The electronics application is the second-largest industrial use, consuming silver in printed circuit boards, semiconductor packaging, electrical contacts, and connectors across every category of electronic device. Silver's conductivity makes it the preferred contact material in high-reliability applications where electrical resistance must be minimized and contact degradation cannot be tolerated.
The EV application adds a growing demand stream. Electric vehicles use more silver per vehicle than conventional cars — in the battery management system, in the charging infrastructure connectors, in the power electronics and motor controllers — and the global EV fleet is expanding. Each EV represents incremental silver demand over the vehicle it replaces.
The monetary and investment demand — physical silver bars and coins, silver ETFs — amplifies price movements but does not drive the structural supply picture. Investment demand is price-sensitive and can reverse when sentiment changes. Industrial consumption is structural and grows with the physical infrastructure being built.
Plain English
Solar panels consume silver. Electronics consume silver. EVs consume silver. Unlike gold, consumed silver is largely gone — it does not come back from a solar panel or circuit board the way gold comes back from a vault. The solar demand alone has nearly doubled in three years. Mine supply has not.
Silver's industrial demand is structural and growing. Its supply is not keeping pace. The deficit is arithmetic.
The Solar Demand That Wasn't Priced In
Every solar panel requires silver. Global solar installations have doubled in three years. Silver mine supply has not doubled. The deficit is arithmetic, not forecast.

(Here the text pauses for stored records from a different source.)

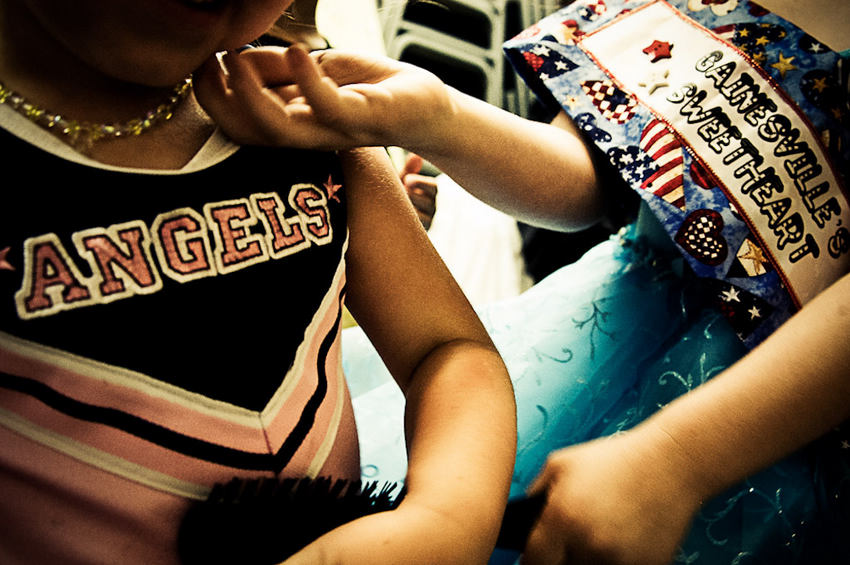 雏 田 同 人 +视 频 特别是同人AMV和游戏模组视频海报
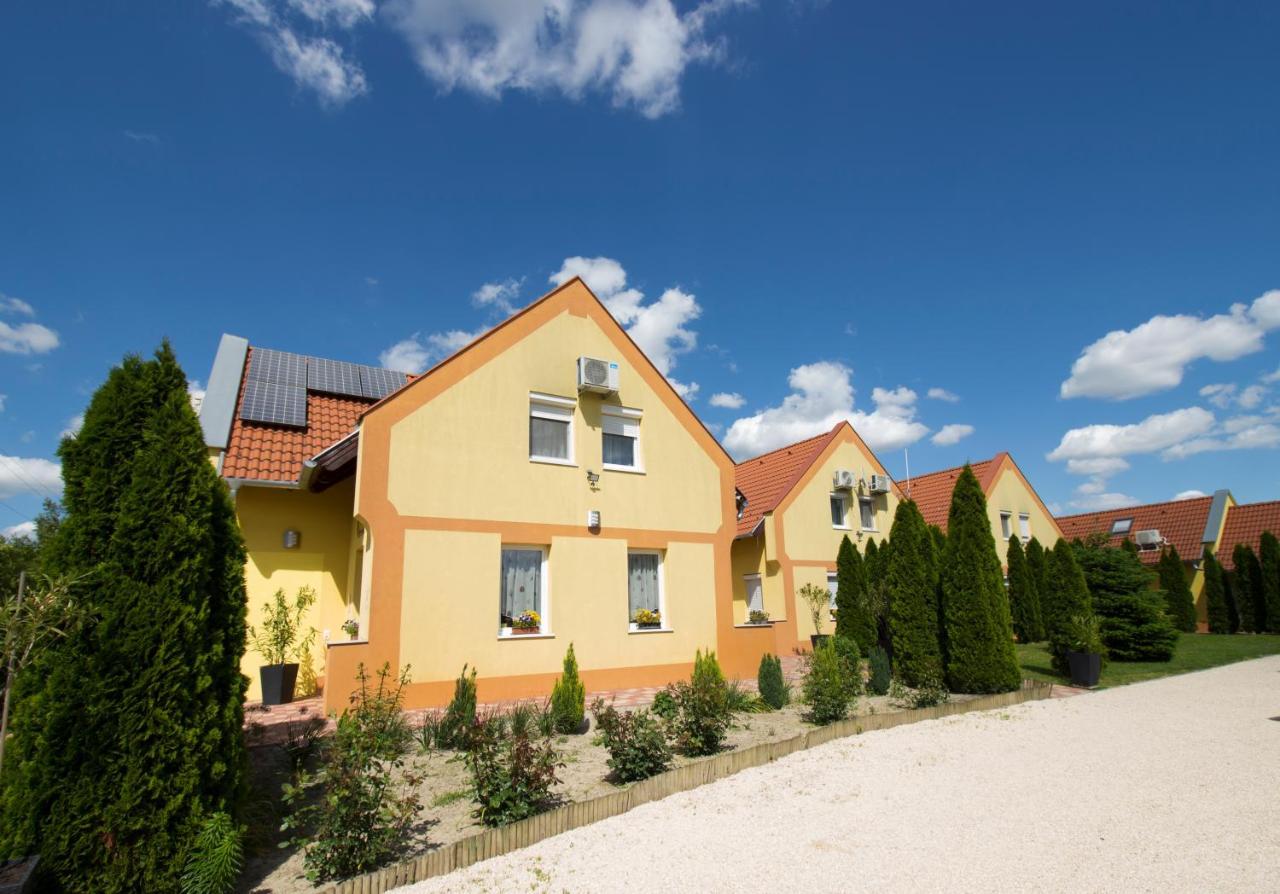 Ponty-Lak Panzio Pension Dávod Buitenkant foto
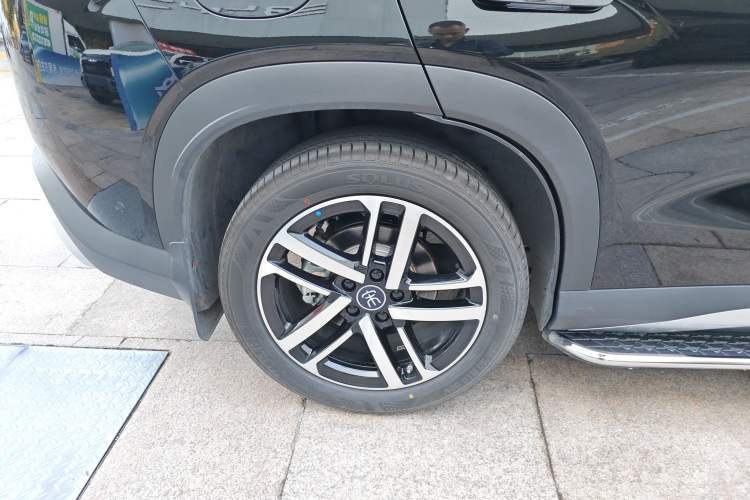 Used BYD Song L DM-i 2025 Intelligent Driving Version 112 km Leading Trim
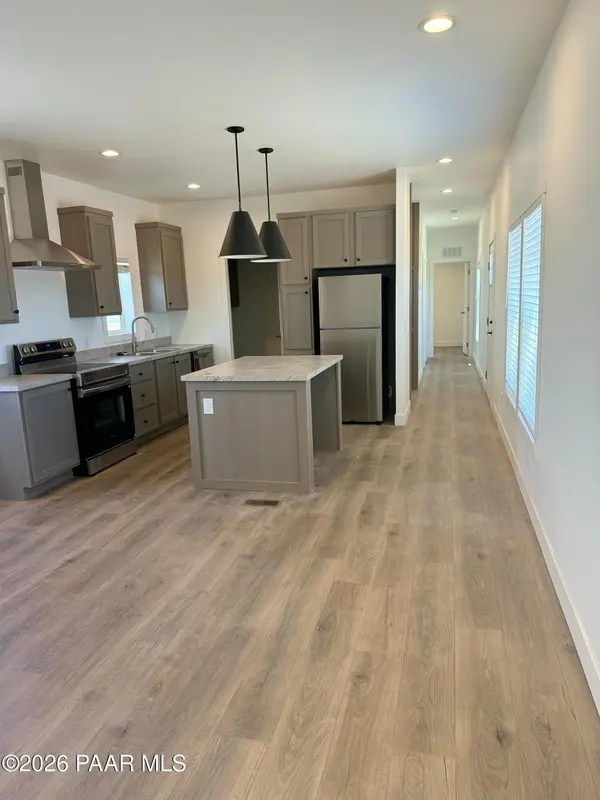 179 W Zion TRL, Paulden, AZ 86334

The solar demand story developed faster than commodity analysts modeled. Solar installation rates accelerated globally — driven by falling panel costs, government renewable energy targets, the energy security concerns intensified by Russia's invasion of Ukraine in 2022, and the AI data center power demand pulling electricity generation capacity investment forward. Global solar installations ran at approximately 200 gigawatts per year in 2022 and scaled rapidly toward 400+ gigawatts per year by 2025. Each gigawatt of solar capacity requires approximately 300,000–400,000 troy ounces of silver in conventional cell technology.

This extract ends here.